“I’m babbling on, here. I don’t know what to say,” offered our hero to Michael Atherton in the post-match interview on Sky. Don’t worry Ben, neither do we, each and every one of us is lost for words because there are no words that can do justice to what we saw, to account for an innings that might never be bettered in Test cricket, or any form of this beguiling game for that matter.
We said the same thing 38 years ago, of course, and at this very ground when Sir Ian Botham transformed the cricketing landscape with an innings that defined the age. We could not imagine then that there might ever be anything to surpass Beefy’s finest hour, turning a lost Ashes cause into the most Homeric of victories. Well here it was, Headingley 2019, another preternatural display epic in scale, and one that the great man would admit was a celestial notch above his own.
In 1981 Botham hit the ball out of the park from a losing position, but he never thought he was building a platform for victory, no matter how spectacular his undefeated 149. Australia needed only 111 to win for goodness sakes after declaring on 401 in their first innings. John Dyson, who scored a ton first up, walked to the crease a second time thinking he could get the runs on his own. He had not reckoned with Bob Willis, obviously.
In this example Stokes, pictured, was Botham and Willis combined. You might recall how, after bowling poorly in the first innings then gifting his wicket away, he ran in like a beast in the second, sending down 15 overs on the spin at an average speed quicker than that of Jofra Archer. With that indefatigable effort late on the second day Stokes was already engaged in some kind of terrible one v XI conflict as if he were the only one capable of righting the appalling horrors of England’s first innings palsy.
Stokes took three wickets, slowed the Australian scoring rate to a trickle and ultimately wrestled back the initiative sufficiently to make yesterday’s wondrous pageant possible. David Gower, a cricketer of princely dimension himself, declared Stokes’ knock to be the best he had seen in 40 years as a player and a commentator. Gower was on the paddock when Botham was ripping it up in ’81, and in the Sky studio at Headingley asking Botham to make sense of what he had just witnessed.
“Stokes is a remarkable man,” Botham said. “I’ve banged his drum for a long time. He is the special one, valuable to cricket full stop, not just to England. He should enjoy every moment, take it in, that was a really remarkable performance. Maybe every so often you need something special. The whole country will be up for it now, every kid on every street corner.”

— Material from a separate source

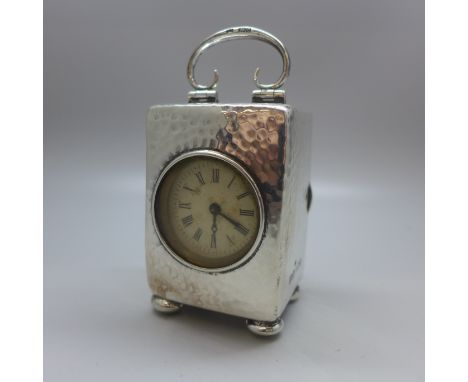 A silver cased Henry Matthews Arts and Crafts clock, Birmingham 1904, 63mm without handle 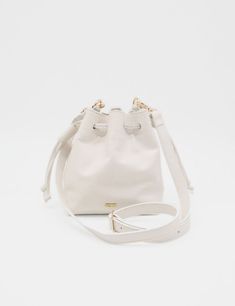 Introducing our elegant small Authenticity purse, crafted from genuine leather that exudes sophistication and timeless style. The detachable and adjustable cross body shoulder strap ensures versatile carrying options for any occasion. This bucket bag, with its two pull double cord drawstrings, is the perfect blend of luxury and practicality. ETHICALLY HANDCRAFTED BY STIVALI MEASUREMENTS: Length: 7" Width: 5" Height: 8" FEATURES/MATERIALS: Smooth leather Detachable & Adjustable cross body shoulde Card Bag, Sling Bags, Womens Purses, Shoulder Purse, Yorkie, Smooth Leather, Cross Body Handbags, White Leather, Purses And Handbags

Botham might have gone further. This was not only England’s moment, or cricket’s. This was one for the whole of sport to savour, demonstrating the capacity of an ostensibly trivial pastime to say something profound about human kind. Thus was this the highest form of human expression in a sporting context. Like Leo Messi, Roger Federer or Tiger Woods, Stokes gives expression to genius and can be regarded as accomplished in his field as Ludwig van Beethoven, Vladimir Nabakov, Leonardo da Vinci or Vincent van Gogh were in theirs. Tidy.
To perform as Stokes did, to treat a high-pressure environment as if he were playing French cricket with his kids on the beach, was beyond comprehension. Six weeks after his pivotal role in helping his country win the World Cup for the first time Stokes brought the Ashes back to life.
No sane commentator thought England had a pulse after being bowled out for 67 in the first innings. None of right mind thought England had an earthly when a bespectacled No 11 joined Stokes at the wicket with 73 runs still needed for victory.
Only Stokes, it seems, believed the impossible was on. And off he set on his destructive, one-man rout of Australia. The reverse sweep for six of Nathan Lyon, the maximums off Australia’s keynote bowler Josh Hazelwood, hitherto considered godlike, and other monstrous blows were the freakish executions of a player operating beyond rational prompts in a realm known only to a higher authority.
It is possible that Stokes might not recognise himself when he watches the highlights, such was the otherworldly nature of what he achieved.